In [94]:
import pandas as pd
pd.options.display.max_columns = 30
import numpy as np
import re

import cufflinks
cufflinks.go_offline()
cufflinks.set_config_file(world_readable=True, theme='solar')

from IPython.core.interactiveshell import InteractiveShell
InteractiveShell.ast_node_interactivity = 'all'

from sklearn.feature_extraction.text import CountVectorizer

In [116]:
df = pd.read_json('../../data/interim/final/products.json.gz', orient="records", compression="gzip")

In [117]:
df.head()

Unnamed: 0,product_id,name,description,price,image_url
0,B00001W0DG,Sony MDR-V500DJ Monitor Series Headphones with...,Revel in high-quality audio with the MDR-V500D...,6.61,[https://images-na.ssl-images-amazon.com/image...
1,B00004TLW2,Fujifilm MX2900 2.3MP Digital Camera w/ 3x Opt...,The FujiFilm MX-2900 digital camera includes s...,112.27,[https://images-na.ssl-images-amazon.com/image...
2,B00004VUM1,Sony MVC-FD95 Mavica 2MP Digital Camera with 1...,w/ Canon SELPHY CP760 Compact Photo Printer 32...,99.0,[https://images-na.ssl-images-amazon.com/image...
3,B00004WFYN,Plantronics H141 Duoset Convertible Headset (D...,- Convertible headset<br />- Quick disconnect ...,59.0,[https://images-na.ssl-images-amazon.com/image...
4,B00004XSHN,Fujifilm FinePix 4900 4.3MP Digital Camera w/ ...,Fuji's FinePix 4900 is one of a new style of c...,60.0,[https://images-na.ssl-images-amazon.com/image...


In [118]:
df['keywords'] = df['name'] + ' ' + df['description']

In [120]:
def remove_html_tags(text: str):
    return re.sub(re.compile('<.*?>|&([a-z0-9]+|#[0-9]{1,6}|#x[0-9a-f]{1,6});'), '', text)
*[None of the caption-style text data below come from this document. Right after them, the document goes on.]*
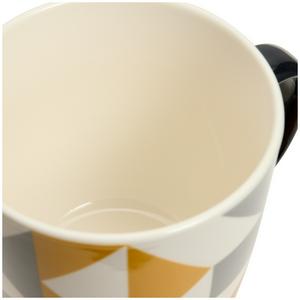 Sainsbury's Home Geo Mug - gallery image 3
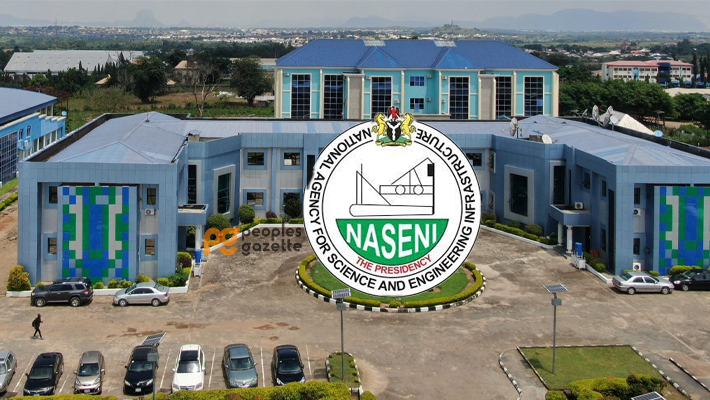 FG, NASENI Moves to Boost Local Technology, Manufacturing in Taraba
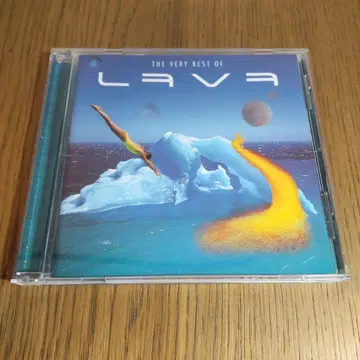 [ CD ] Lava / The Very Best Of Lava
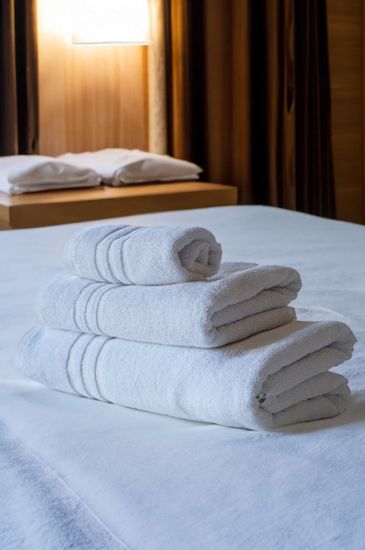 Olima OLIMA HIGH-QUALITY HOTEL TOWEL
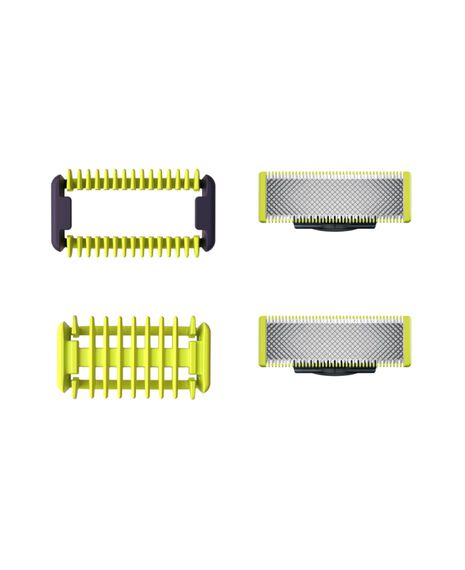 OneBlade Body Kit 2pk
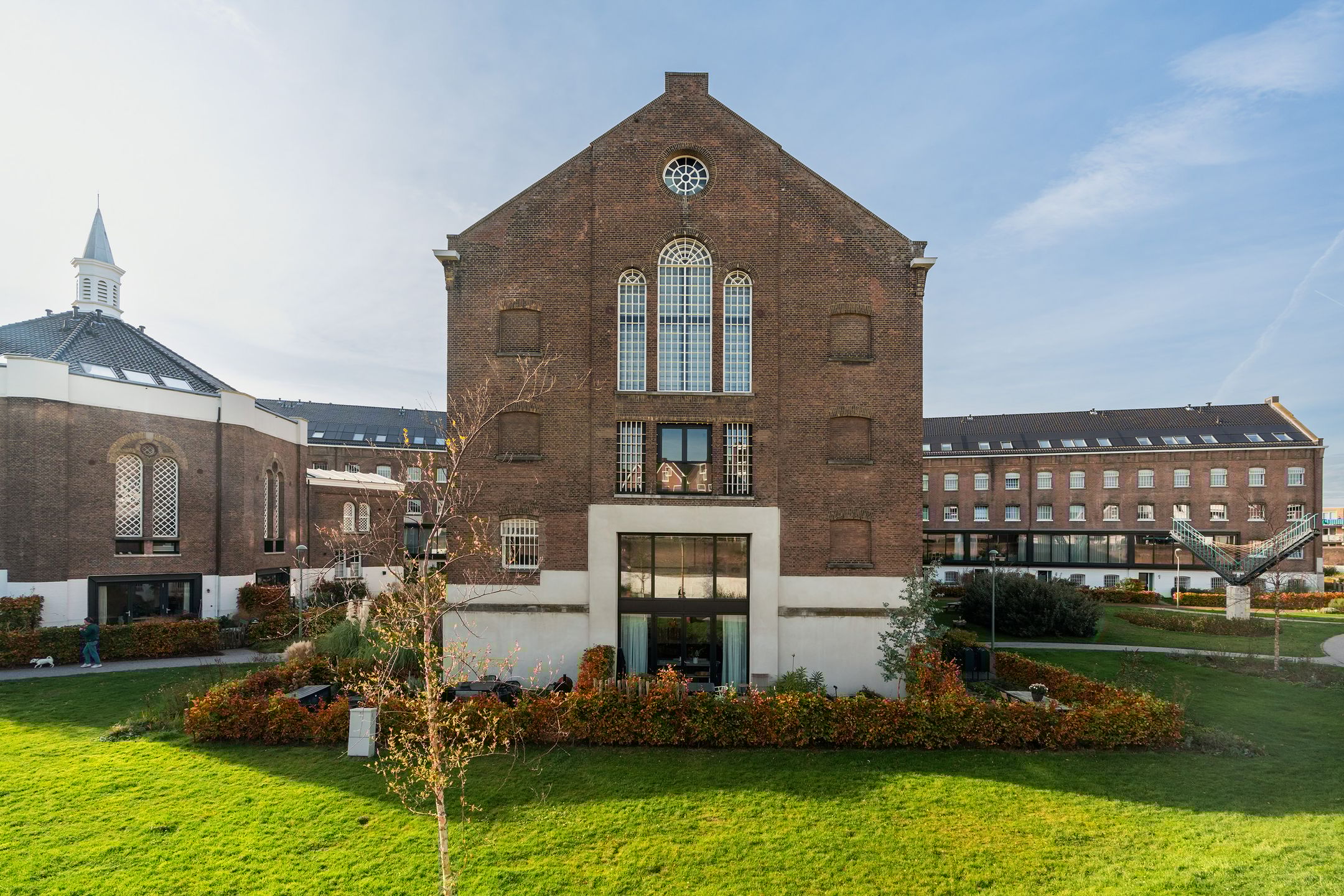 Vrouwe Justitiahof 87-B 87 B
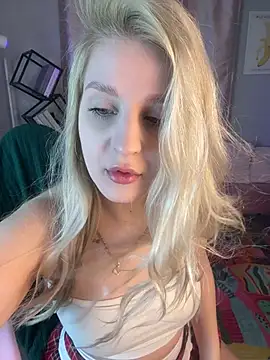 cold blondie online show from June 2026 05:27:02 AM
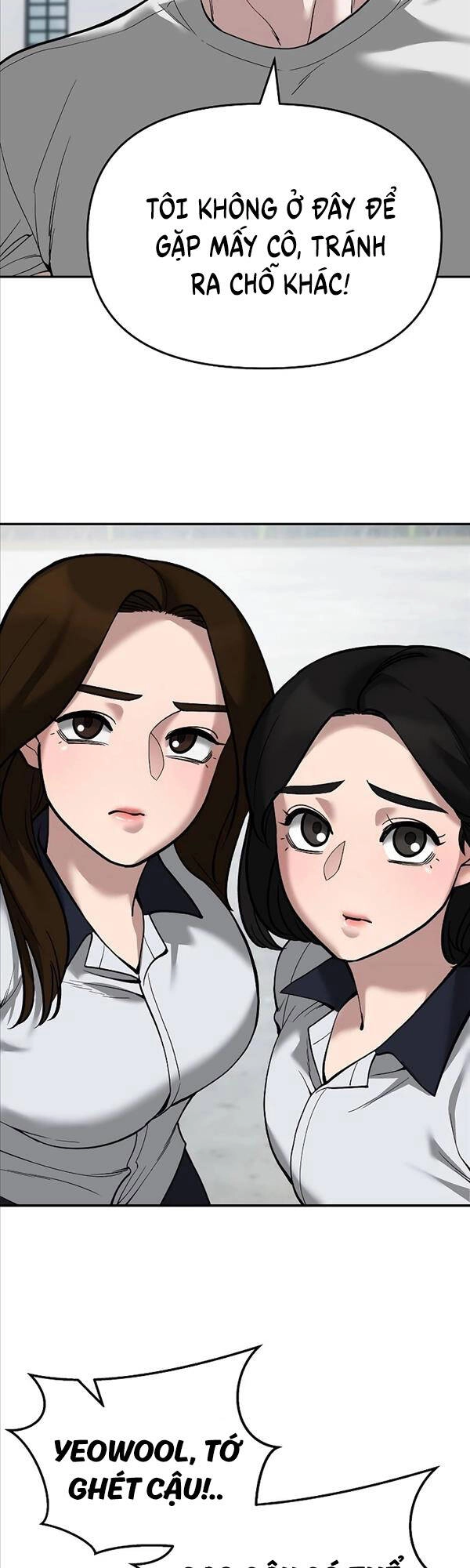 Giang Hồ Thực Thi Công Lý Chapter 65 - 30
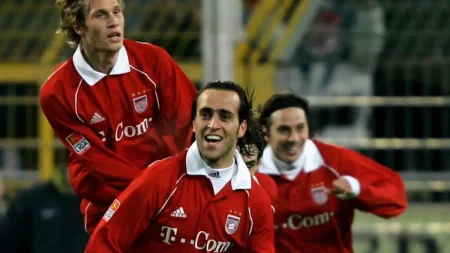 Ali Karimi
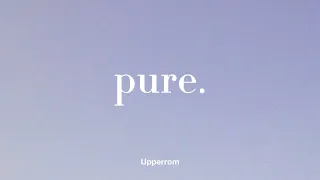 Pure - ABBIE GAMBOA/UPPERROM (tradução)🇧🇷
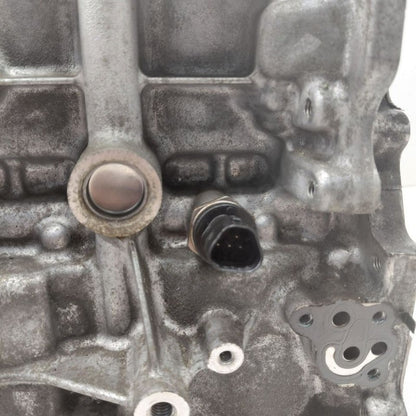 Bare Engine Cylinder Block Naturally Aspirated Fits 19-23 Mazda 3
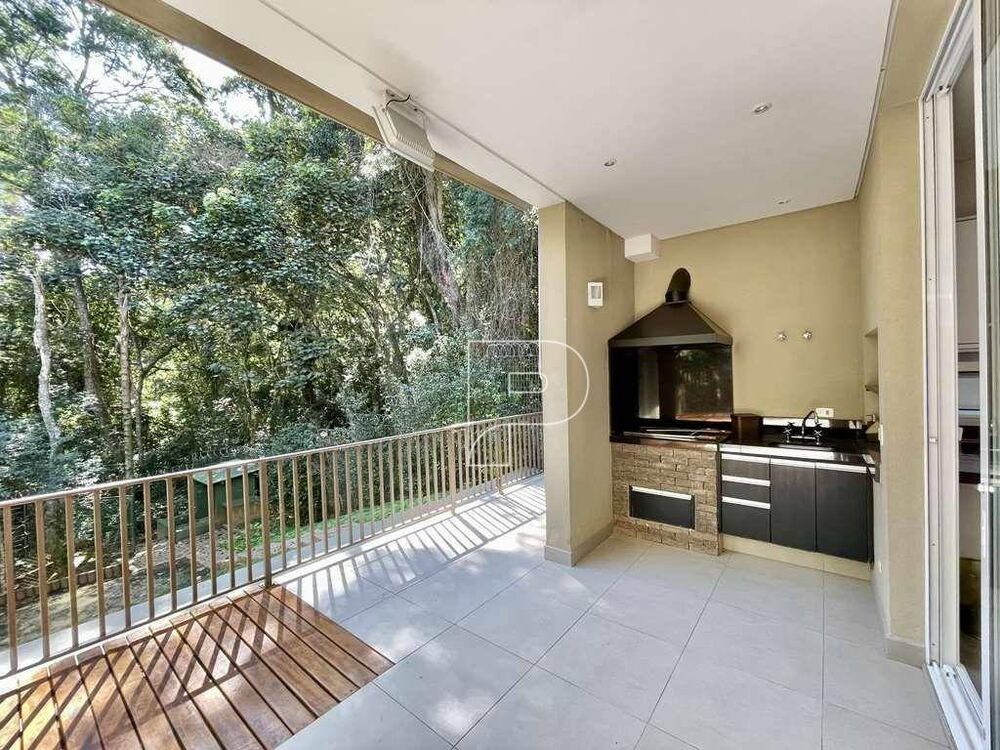 Casa de Condomínio à venda com 4 quartos, 450m² - Foto 5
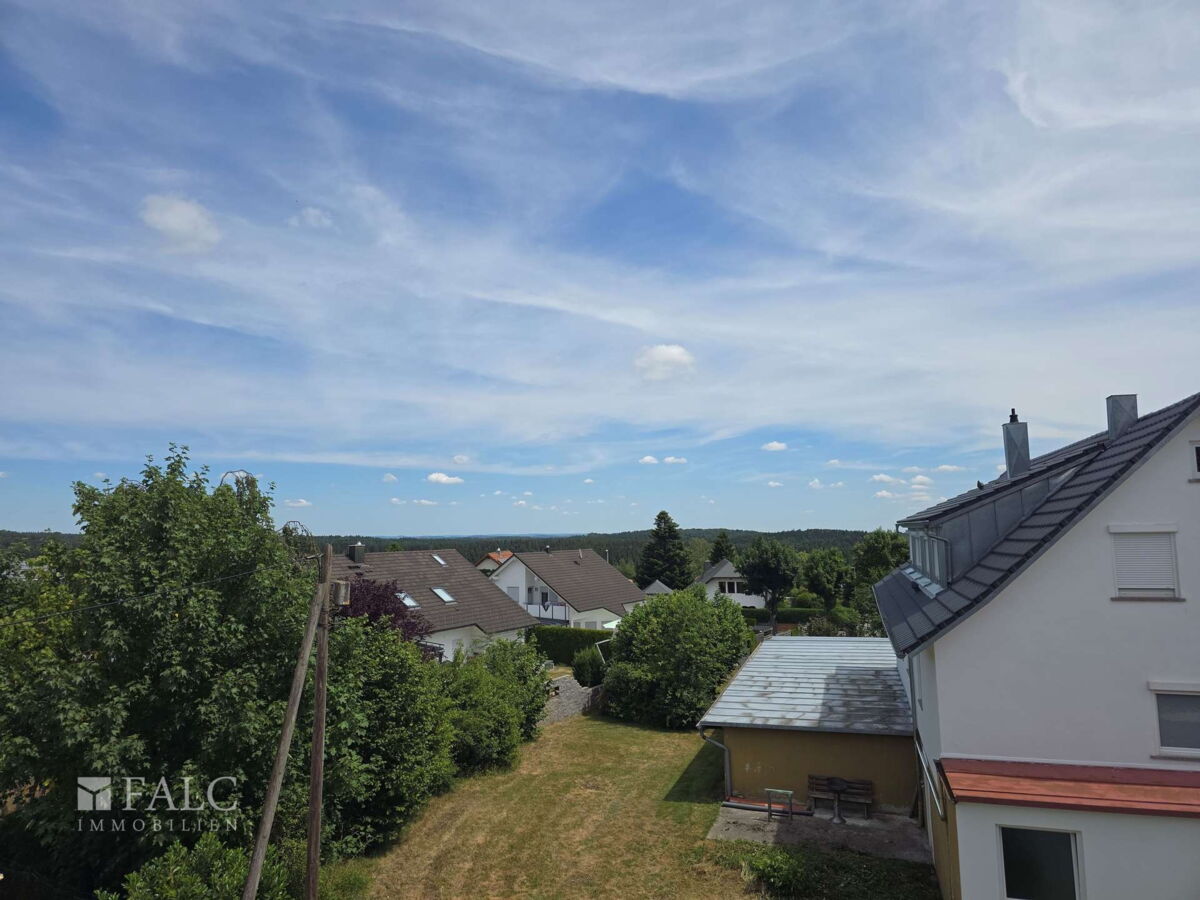 Ausblick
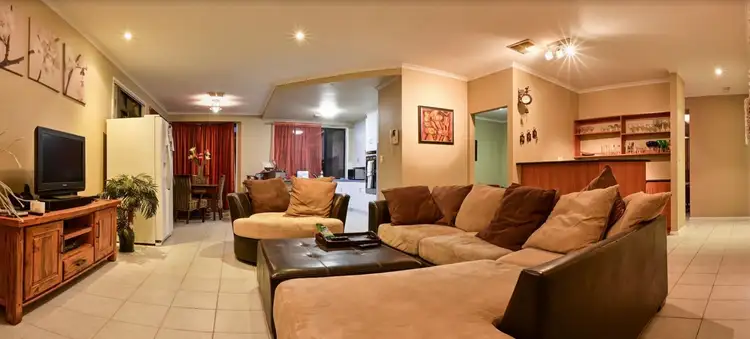 Second view of Homely house listing, 24 Lockwood Crescent, Whyalla Stuart SA 5608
df['keywords'] = df['keywords'].apply(remove_html_tags)

In [121]:
def get_top_n_words(corpus, n, remove_stop_words = True, ngram_from = 1, ngram_to = 1):
    if remove_stop_words:
        vec = CountVectorizer(stop_words='english', ngram_range=(ngram_from, ngram_to))
    else:
        vec = CountVectorizer(ngram_range=(ngram_from, ngram_to))
    
    return get_top_n_words_2(vec, corpus, n)

def get_top_n_words_2(vec, corpus, n):
    vec = vec.fit(corpus)
    bag_of_words = vec.transform(corpus)
    sum_words = bag_of_words.sum(axis=0) 
    words_freq = [(word, sum_words[0, idx]) for word, idx in vec.vocabulary_.items()]
    words_freq =sorted(words_freq, key = lambda x: x[1], reverse=True)
    return words_freq[:n]

Visualize Frequency Distribution Before Removing Stop Words

In [122]:
common_words = get_top_n_words(df['keywords'], n=10, remove_stop_words=False)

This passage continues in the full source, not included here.